**Exercise data**.
◆ ◆ ◆ ◆ ◆ ◆ ◆
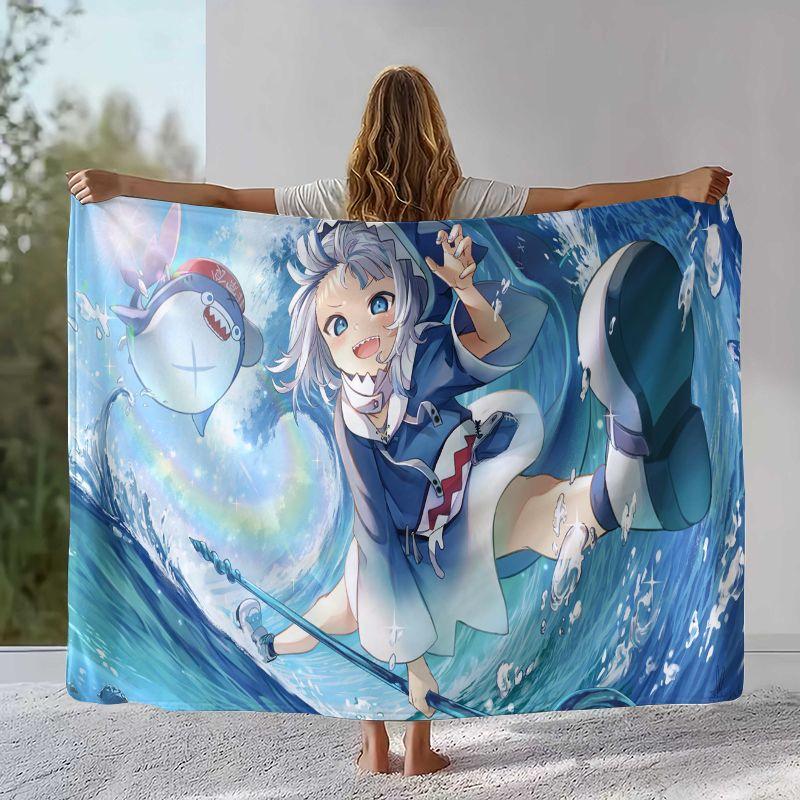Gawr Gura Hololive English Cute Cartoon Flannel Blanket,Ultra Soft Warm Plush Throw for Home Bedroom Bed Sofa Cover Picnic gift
◆ ◆ ◆ ◆ ◆ ◆ ◆
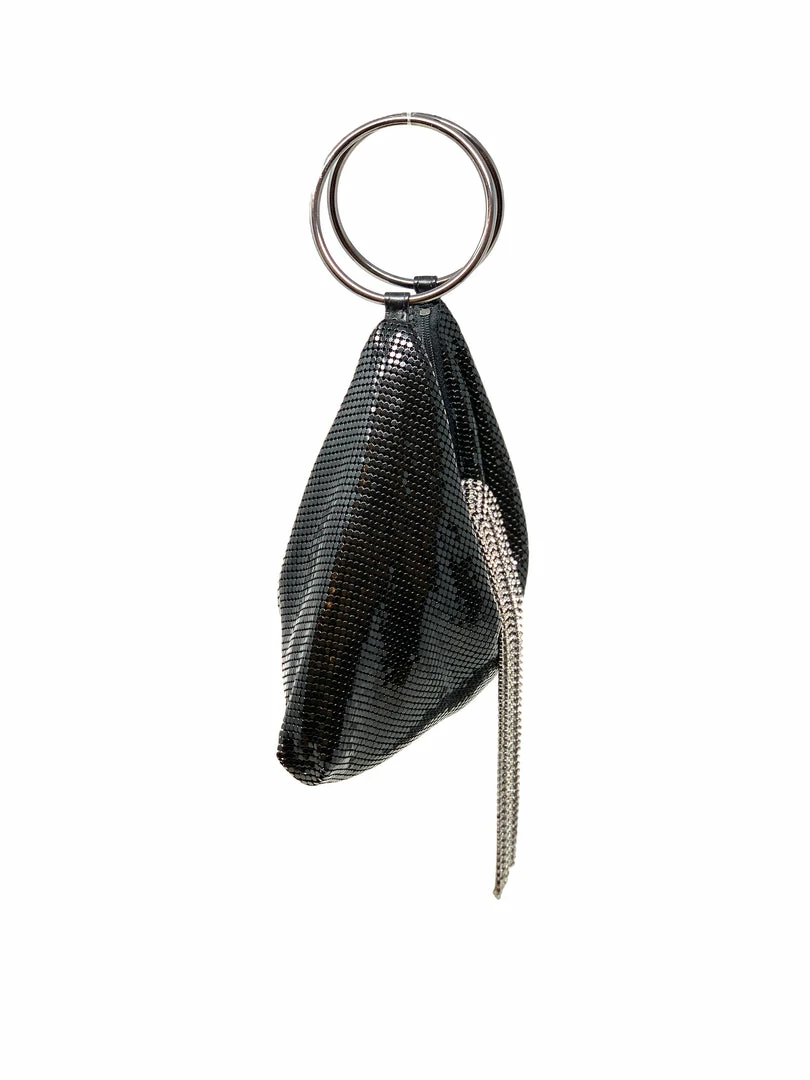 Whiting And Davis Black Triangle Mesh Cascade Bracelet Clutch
◆ ◆ ◆ ◆ ◆ ◆ ◆
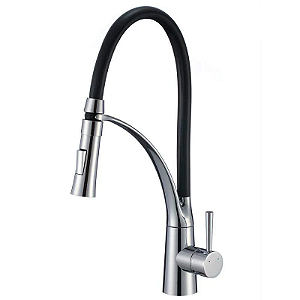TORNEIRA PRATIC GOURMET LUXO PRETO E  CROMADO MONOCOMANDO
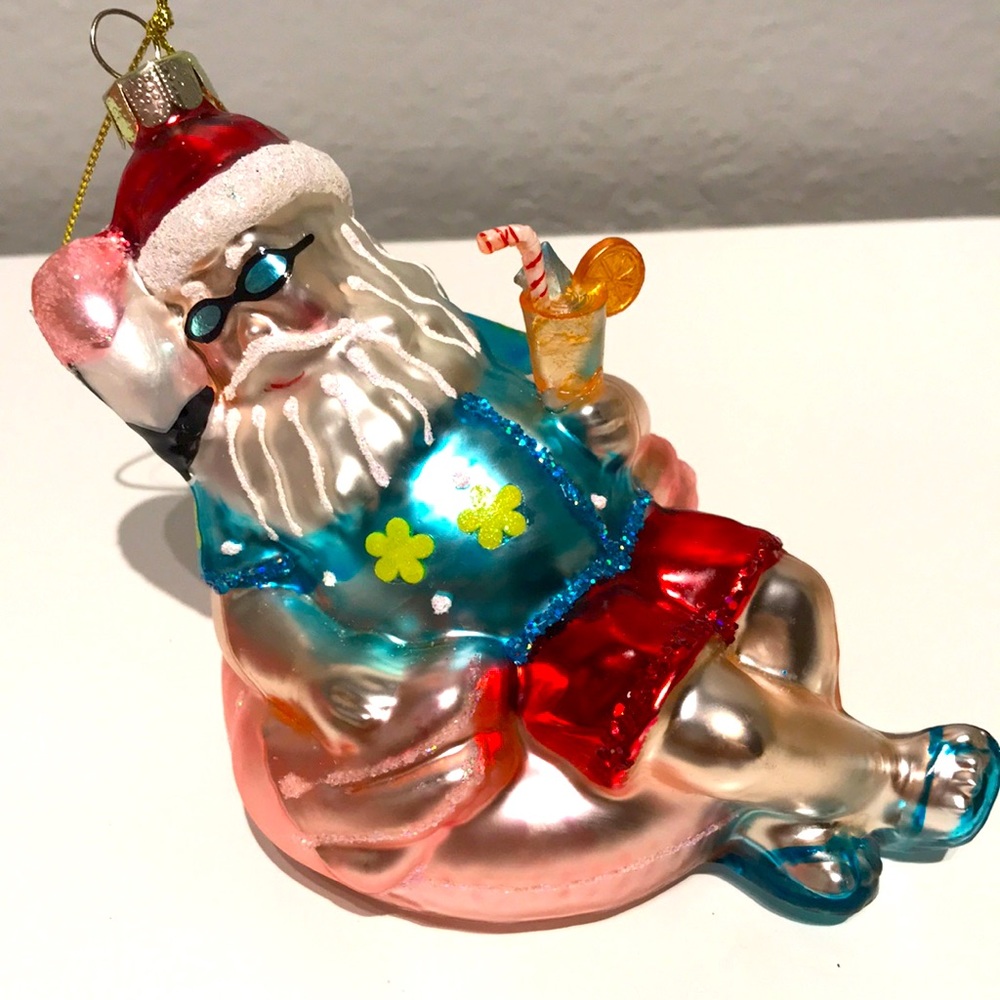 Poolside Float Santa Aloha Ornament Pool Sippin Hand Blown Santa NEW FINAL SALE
◆ ◆ ◆ ◆ ◆ ◆ ◆
**What you should do**. When copying from the data above, print only the lines from the line containing "TORNEIRA PRATIC GOURMET" to the line containing "Poolside Float Santa", exactly, and leave the pictures out.

**Expected answer**.
TORNEIRA PRATIC GOURMET LUXO PRETO E  CROMADO MONOCOMANDO
 Poolside Float Santa Aloha Ornament Pool Sippin Hand Blown Santa NEW FINAL SALE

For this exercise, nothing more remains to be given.